В 1939 году был опубликован рассказ "Синие мечи", в котором впервые появился один из самых известных героев советской массовой литературы - контрразведчик майор Пронин. За два года в журналах были напечатаны шесть рассказов о нем, а в 1941 году они были выпущены книгой в виде повести "Приключения майора Пронина". Тогда же в журнале "Огонек" появилось ее продолжение - роман "Голубой ангел". А сразу после начала Великой Отечественной войны, 5 июля 1941 года писатель был арестован и осужден, пятнадцать лет провел в заключении и ссылке. По свидетельству Овалова, его обвинили в разглашении методов работы советской контрразведки. После полной реабилитации в 1956 году и возвращения в Москву Лев Овалов написал еще два "шпионских" романа - "Букет алых роз" (1957) и "Медная пуговица" (1958) и роман "Секретное оружие" (1962), которым писатель и завершил цикл о Пронине. В дальнейшем он писал социально-производственные и исторические произведения, самыми значительными из которых считаются "История одной судьбы" (1962), "Помни обо мне" (1966), "Январские ночи" (1972), "Двадцатые годы" (1982). В последние годы писатель работал над книгой о своих знаменитых предках, но работа так и осталась незаконченной...

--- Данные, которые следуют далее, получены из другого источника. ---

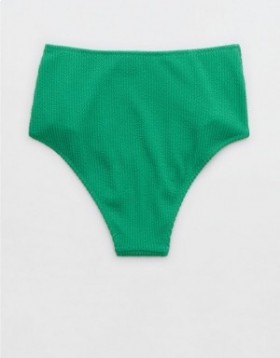  Aerie Crinkle Frekke bikiniunderdeler med høy midje Grønn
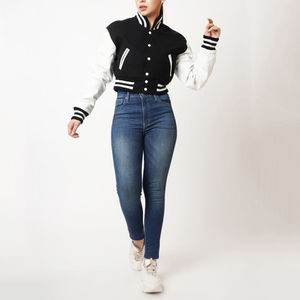 2025 Factory-Made Women's Crop Varsity <b>Jacket</b> Stylish Winter Wool <b>Lining</b> Cotton-Filled Customizable OEM Services wholesale - Product Image 6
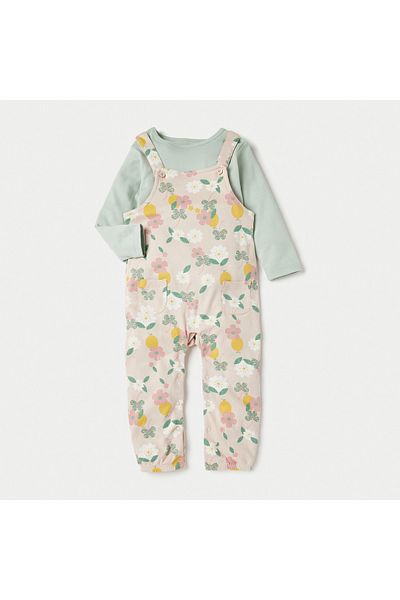 Juniors Floral Print Long Sleeves T-shirt and Dungaree Set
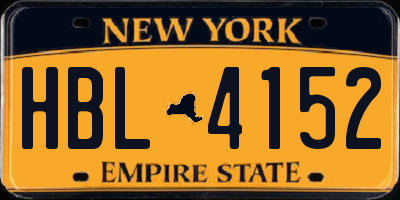 NY license plate HBL4152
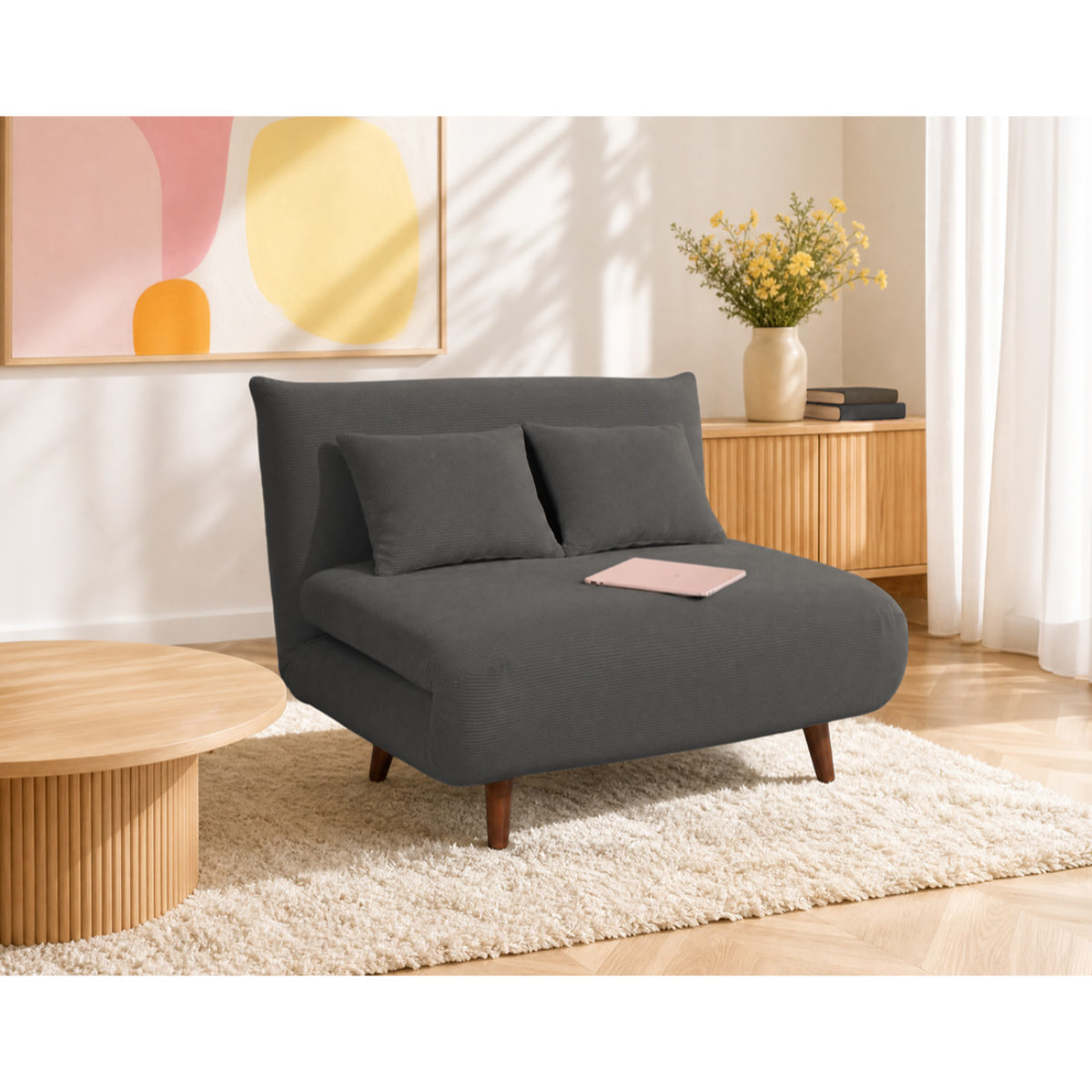 Lumi - Banquette convertible clic-clac 1 place en velours côtelé - Gris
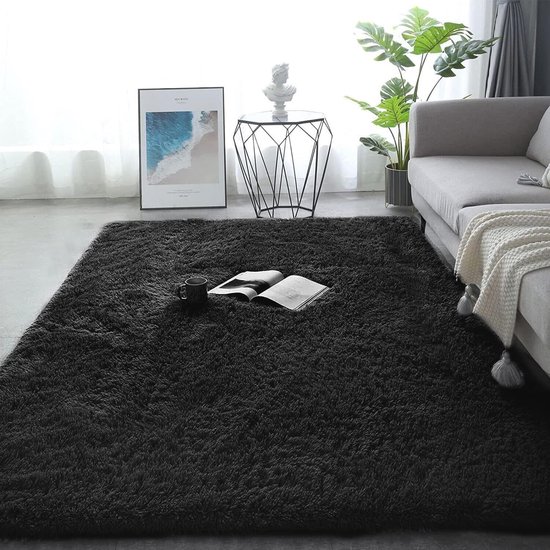 Tapis De Salon Moderne Épais Charly En Polyester - Gris - 80x150 Cm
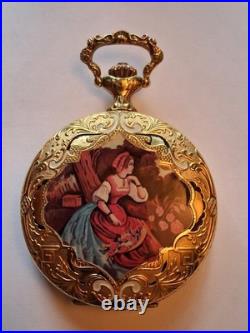 Arnex Swiss Enamel on Gilt Metal Manual-Wind Pocket Watch, 10s, 17j RUNS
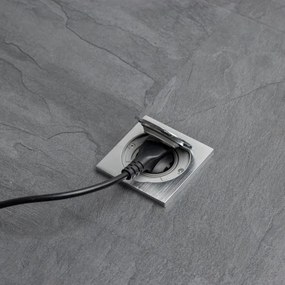 Brilagi - Presa a pavimento da incasso per esterno IP55 cromo opaco quadrato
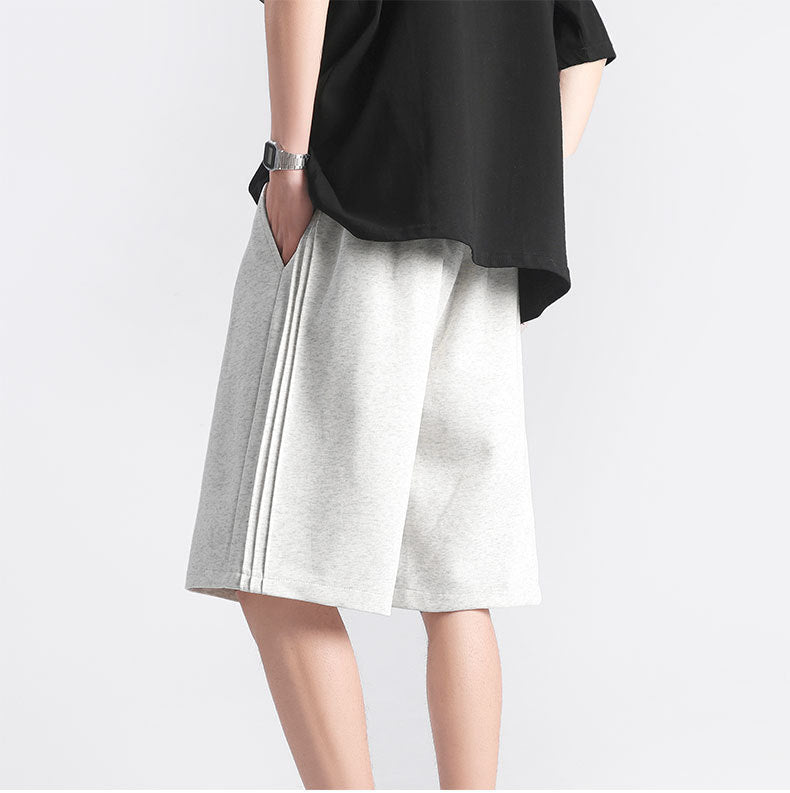 Side-Pleated Versatile Loose Track Shorts – Stylish & Comfortable for Any Activity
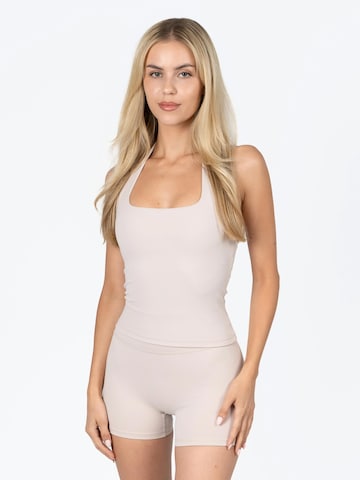dayr Sports Top 'Halter Tank Top' in Beige: front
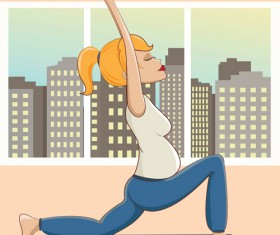 Pregnant girl doing yoga vector 01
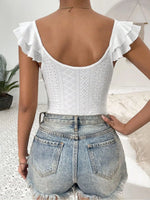 Eyelet Lace Ruffled Corset Bodysuit - Ladyez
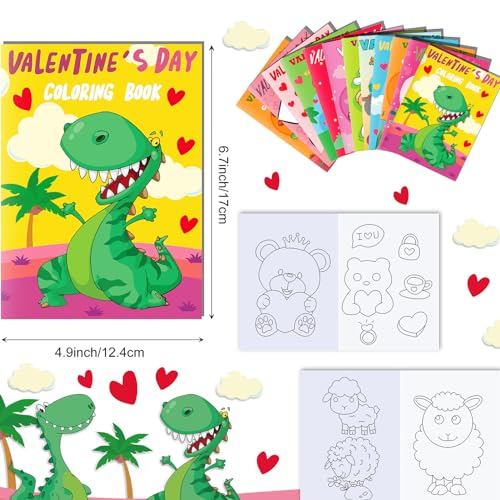 Qpout 12 Pcs Valentines Day Coloring Books Bulk for Party Favors Cute Mini Coloring Booklets DIY Art Drawing Book Set for Valentine Party Goodie Bag Filler School Activity Supplies - Image 5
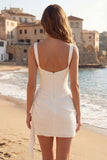 Ivory Ruched Thick Straps Short Corset Graduation Dress with Ruffles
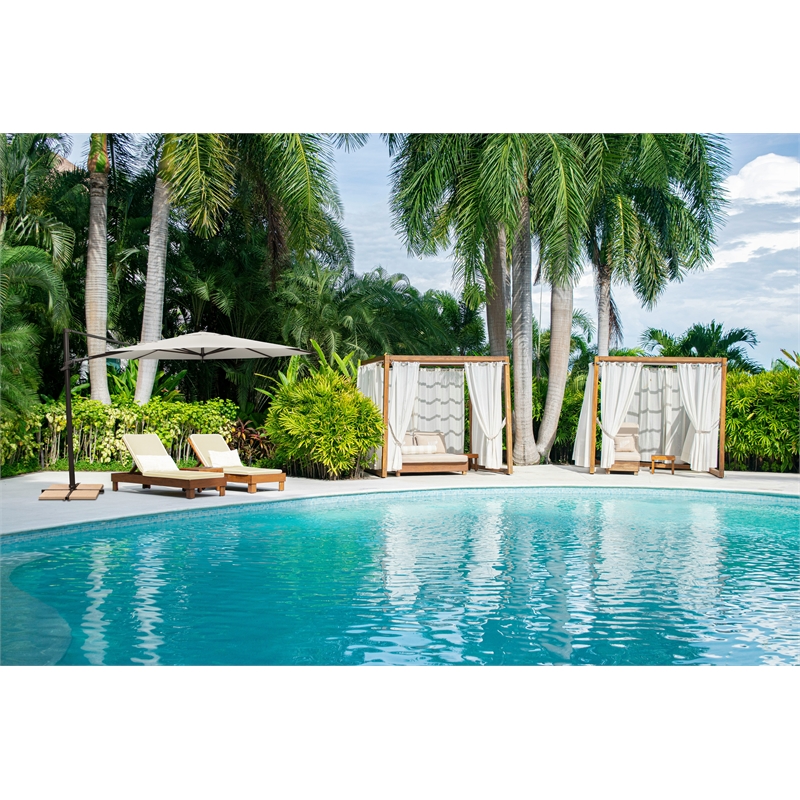 SimplyShade Maldives 11' Octagonal Cantilever Umbrella with Cross Bar Stand in Taupe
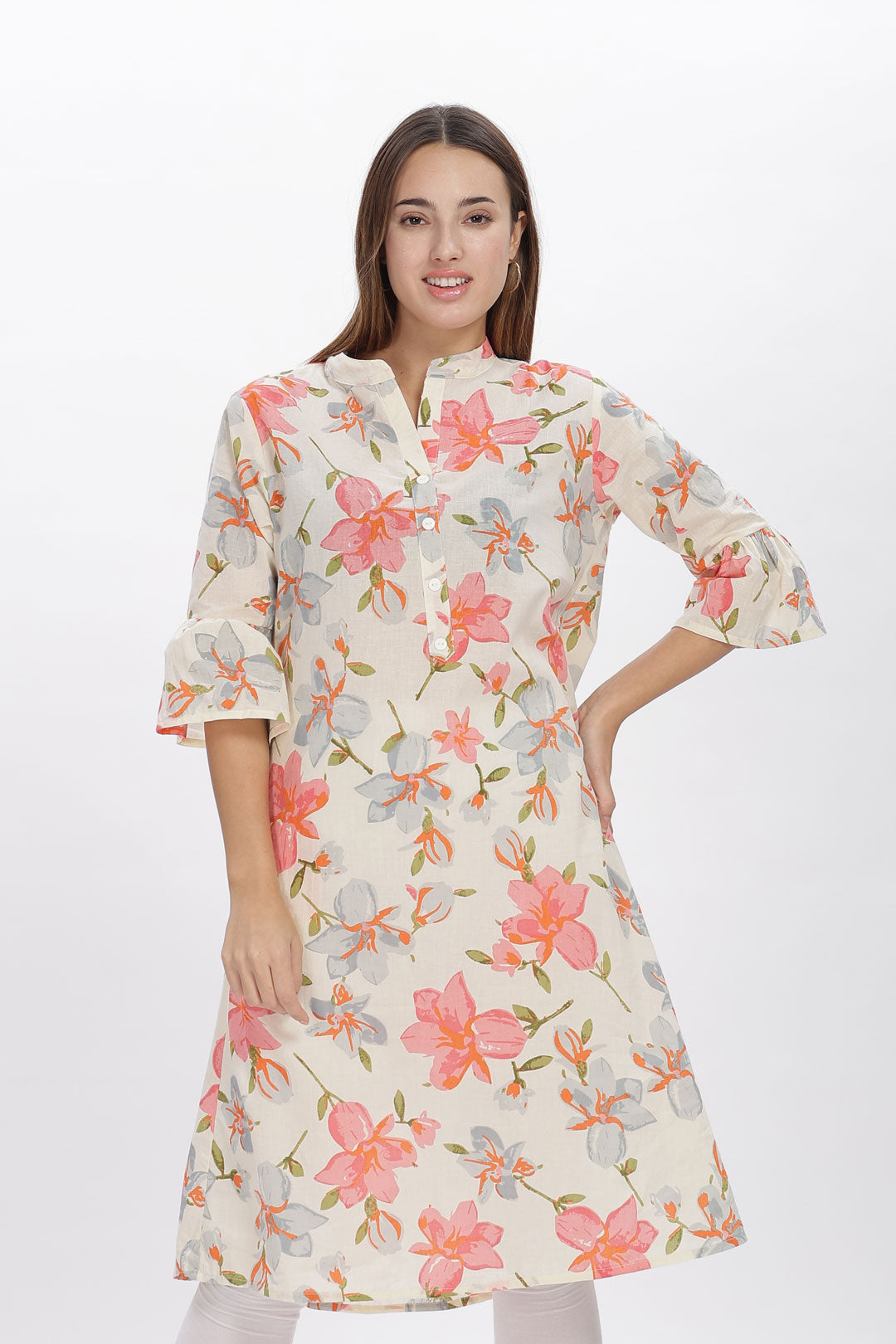 Flowy A-Line Kurta: Pink Floral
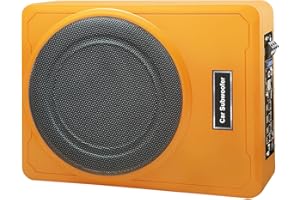 litillbuly 10 Inch 800W Orange Car Subwoofer,Slim Under Seat Car Subwoofer Powered, High/Low Level Input, Car/Truck Car Audio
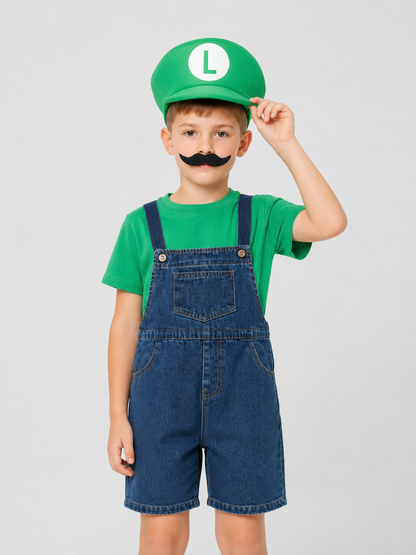 Mario Costume: T-Shirt, Shorts, and Cap Costume Headwear detail 3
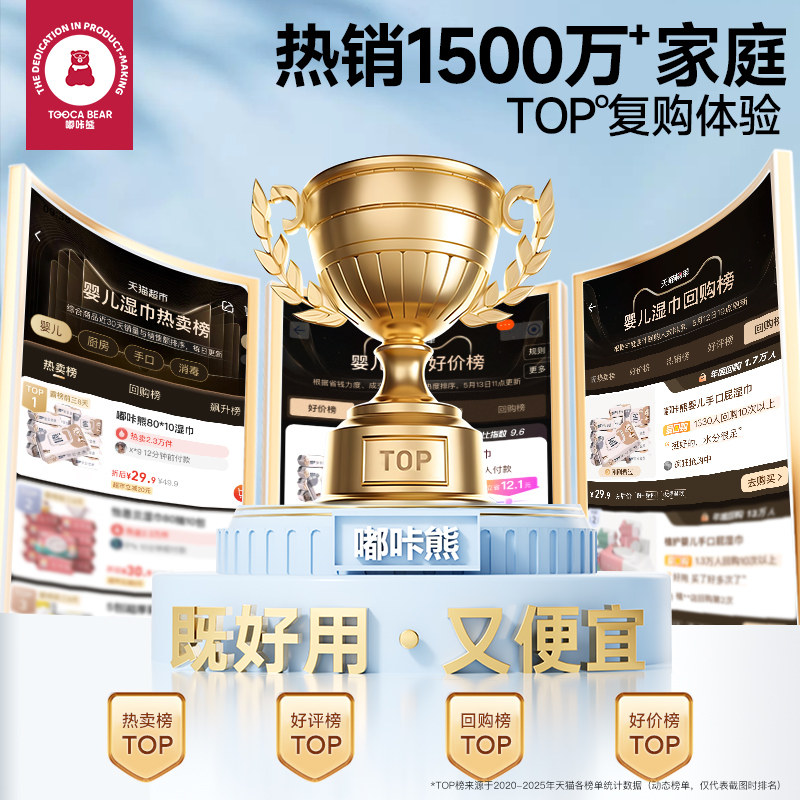 10抽4包嘟咔熊擦鞋湿巾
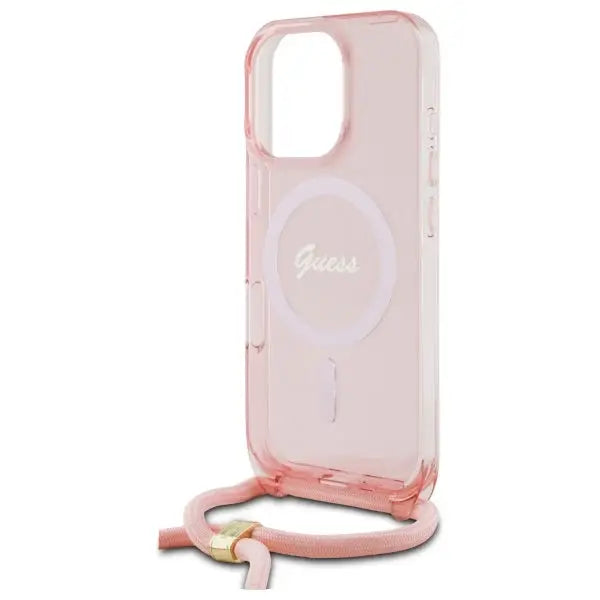 Guess Crossbody Cord Script MagSafe Case for iPhone 16 Pro Max - Pink - Cell phone cases and covers<<<HurtelXML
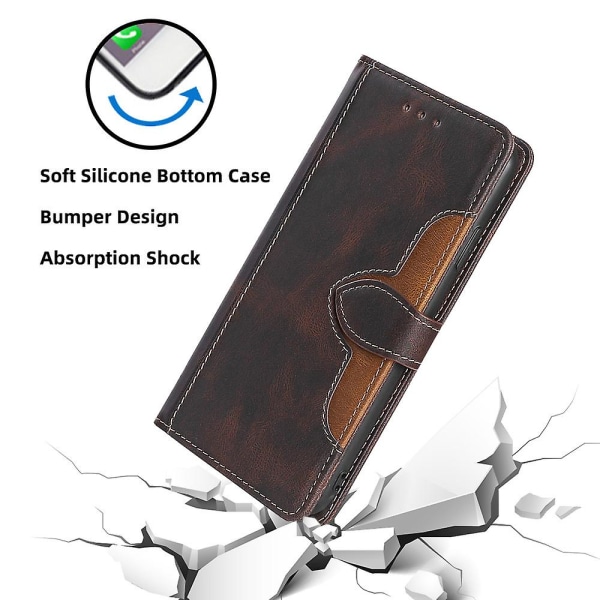 Skin-touch skal för Xiaomi Redmi Note 12 4g stråhatt cover Pu läderställ case Brown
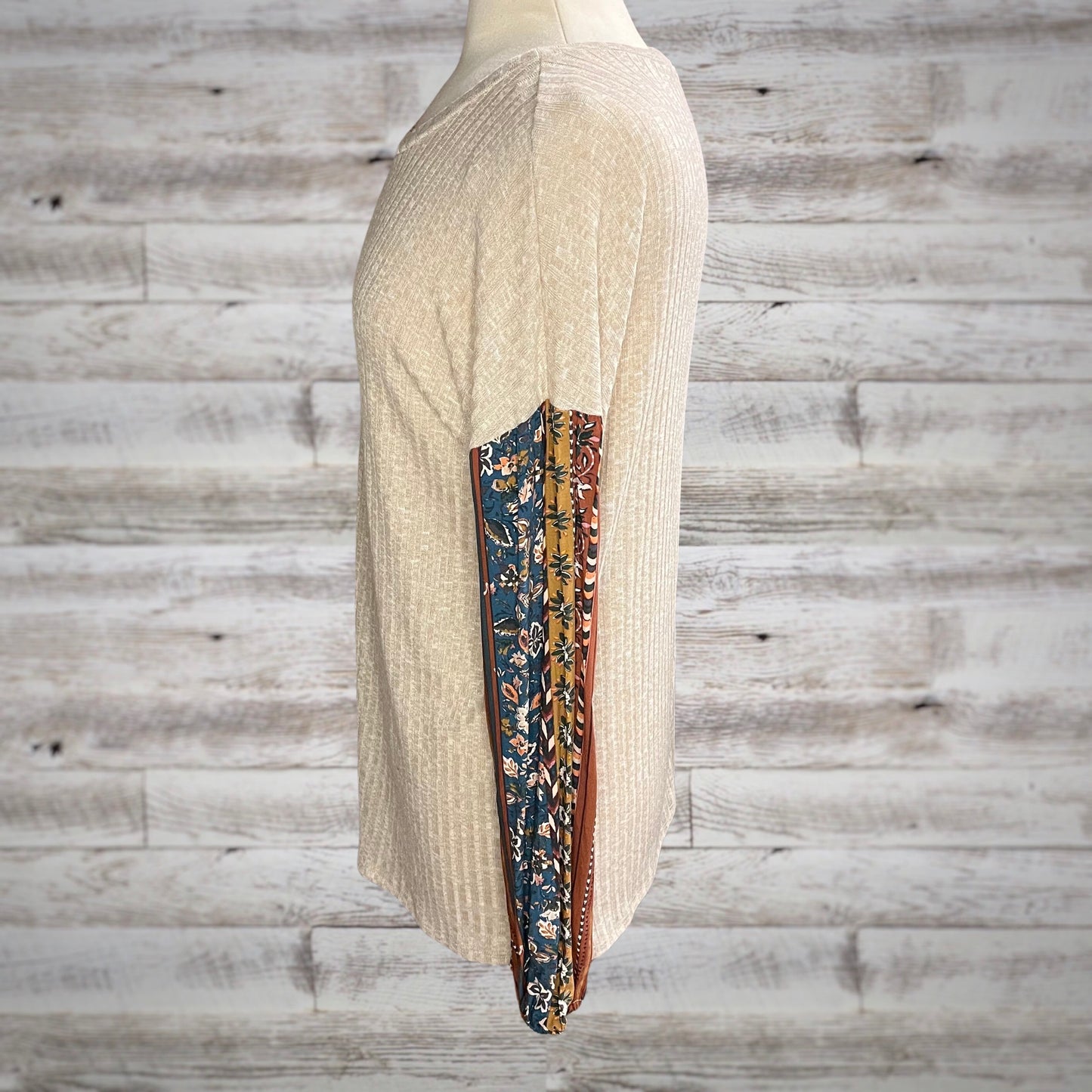 Boho Floral Balloon Sleeve Ribbed Knit Top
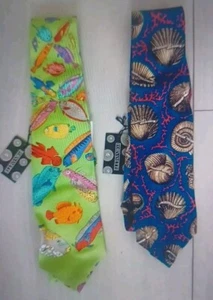 Lot Of 2 FORNASETTI 100% Silk  Men's Necktie Vintage 90s RARE Fish Shells NWT  - Picture 1 of 12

Известный писатель и литературовед В.Б. Шкловский так отозвался о "Рассказах майора Пронина": "Советский детектив у нас долго не удавался потому, что люди, которые хотели его создать, шли по пути Конан Доила. Они копировали занимательность сюжета. Между тем можно идти по линии Вольтера и еще больше - по линии Пушкина. Надо было внести в произведение моральный элемент... Л.Овалов напечатал повесть "Рассказы майора Пронина". Ему удалось создать образ терпеливого, смелого, изобретательного майора государственной безопасности Ивана Николаевича Пронина... Жанр создается у нас на глазах."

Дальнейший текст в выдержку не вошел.